Pear-Stuffed Cardamom Bread

This bread is very loosely inspired by Swedish pulla bread. The cardamom gives warmth and a bit of je ne sais quoi to a rich and soft bread and the pears melt into a delicious filling.

Are you sold yet?

If not, you should know that this bread is also incredibly easy to make, but looks super-fancy and will definitely impress anyone you share it with.
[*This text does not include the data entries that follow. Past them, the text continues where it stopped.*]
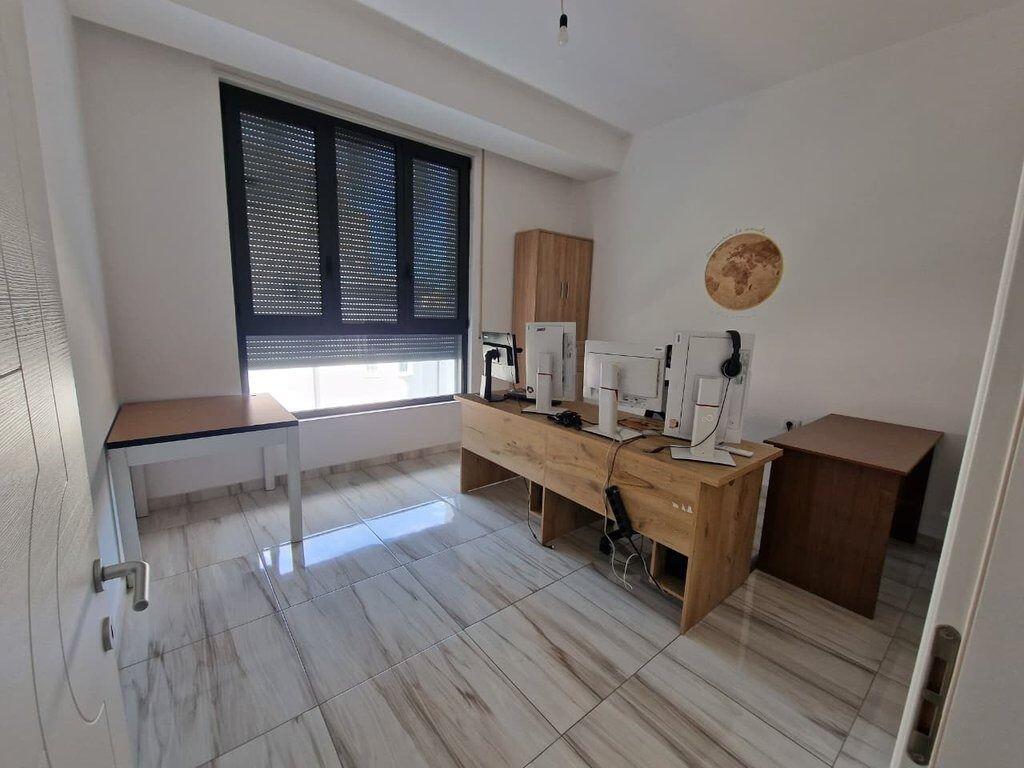 Locale per ufficio in affitto 2+1+2 – Ali Demi, Tirana 650 €| mese!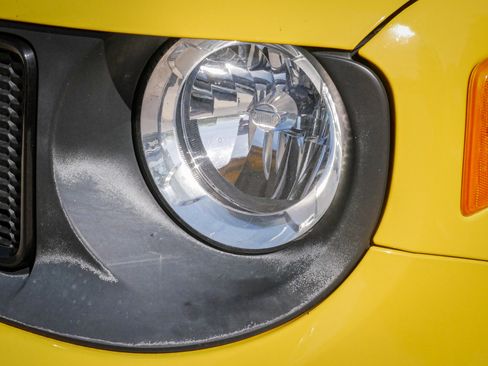 Used 2017 Jeep Renegade Altitude w/ Advanced Technology Group FWD image 6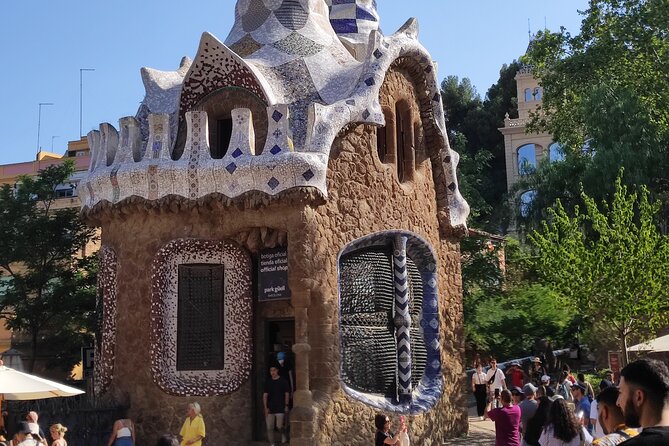 Priority Admission to Park Guell - Transportation and Participation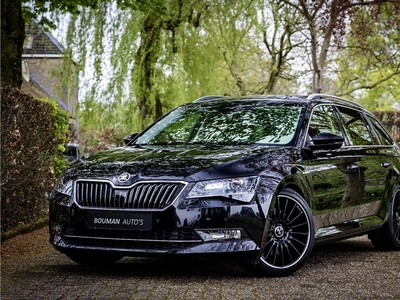 Škoda Superb Combi 2.0 TSI 4x4 Laurin & Klement Stoelventilatie Panorama ACC Trekhaak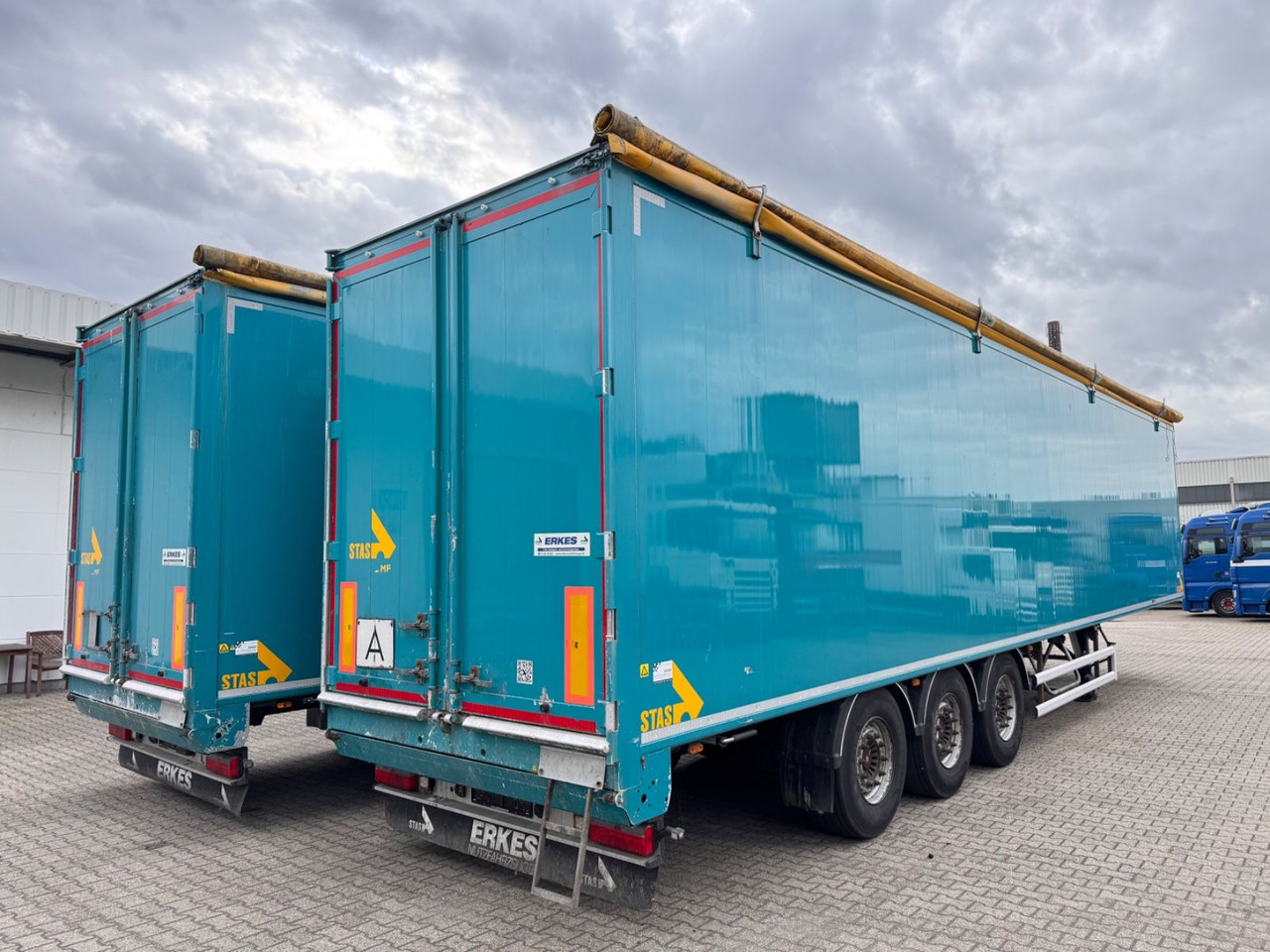 Stas S 300 ZX Walkingfloor Schubboden 2 x Vorhanden - Walking floor semi-trailer: picture 1 Stas S 300 ZX Walkingfloor Schubboden 2 x Vorhanden - Walking floor semi-trailer: picture 1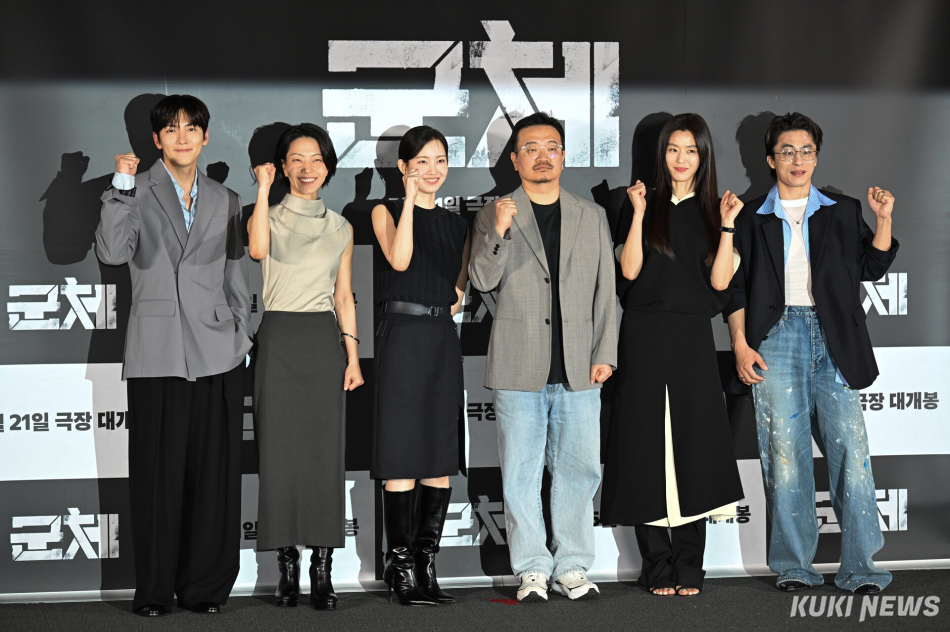 영화 ‘군체’ 언론시사회가 20일 서울 CGV 용산아이파크몰점에서 진행되는 가운데 연상호 감독과 출연진들이 포즈를 취하고 있다.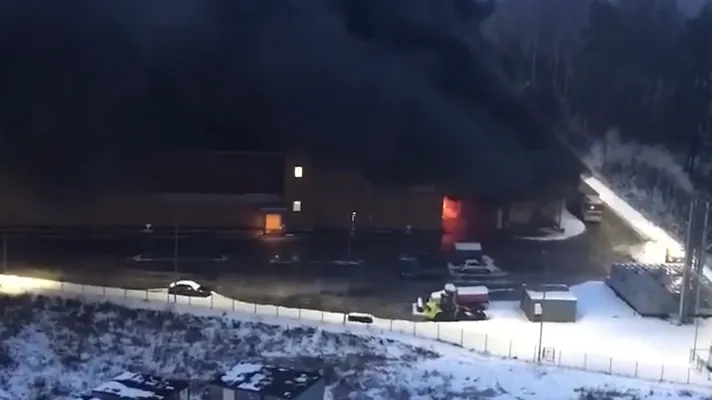 В Сети появилось видео пожара в ТЦ «Стройпарк» в Балашихе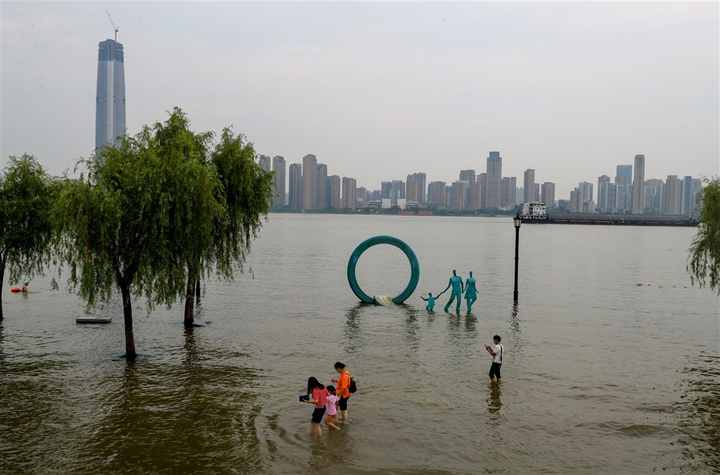 Ảnh: Vừa hạ nhiệt sau dịch bệnh, Vũ Hán lại oằn mình chống mưa lũ - 3
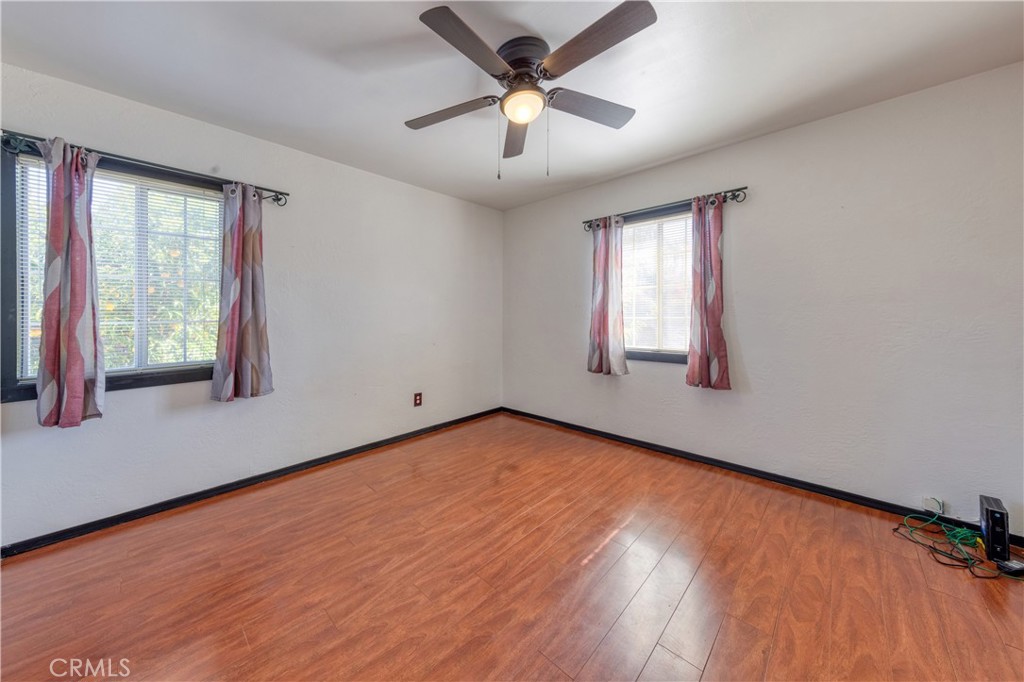 8933 Locust Avenue Property Photo 12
No pressure to share though, I won’t tell.

Makes: 2 loaves

Ingredients:

  • 1 cup whole milk
  • 1/4 cup unsalted butter
  • 1/4 cup warm water
  • 1/2 tsp quick rise yeast
  • 1/2 cup plus 1 tsp white sugar
  • 2 eggs, room temperature
  • 1 tsp salt
  • 4 cups AP flour, divided
  • 1 tsp cardamom
  • 2 ripe pears, peeled and cored and finely sliced
  • 1/4 cup apple jam or apricot jam

Directions:

  1. Heat milk (1 cup) until steaming (not boiling)
  2. Add butter (1/4 cup) to milk and stir until melted, set aside to cool off a bit
  3. Stir together warm water (1/4 cup), yeast (1/2 tsp) and 1 tsp sugar, let stand for 10 minutes until bubbles start to form on top of the water
  4. In a large bowl, whisk together sugar (1/2 cup), eggs (2), and cooled milk and butter mixture
  5. In a medium bowl, stir together salt (1 tsp), 1 cup of the AP flour, and cardamom (1 tsp)
  6. Add dry mixture to wet ingredients and stir in
  7. Gradually add the rest of the flour, 1/2 cup at a time, until a soft dough is formed
  8. Place bowl in a lightly oiled or buttered bowl, covered with a damp cloth, until doubled in size (about 45-60 minutes)
  9. Shape the dough:
    • Split the dough in half, then divide each half into thirds
    • Stretch each piece into a long rectangle, about 18 inches (45 cm) long and 4 inches (10 cm) wide
    • Arrange sliced pears on dough and then roll the dough into a tube (remember when you were in kindergarten and made snakes out of playdough? like that)
    • Form two braids and carefully tuck the ends underneath
  10. Preheat oven to 350 degrees f
  11. Let the dough rise again for another 30-45 minutes
  12. Warm up the jam for 10-15 seconds in the microwave so it is runny and brush each loaf with jam
  13. Bake loaves on a parchment lined cookie sheet for 20-30 minutes, until nicely golden and the bottom is fully baked
  14. Let cool before slicing

Notes:

  • Don’t worry if you don’t use all of the flour. Like many DIY projects, sometimes there are some extra parts left over and that is fine.
  • I suggest freezing any uneaten parts of the bread. Also, you can freeze the dough before the first rise and use it later, just let it warm up to room temperature and double in size and then treat it as normal.
  • If you happen to have any leftovers, I have two words for you… French toast!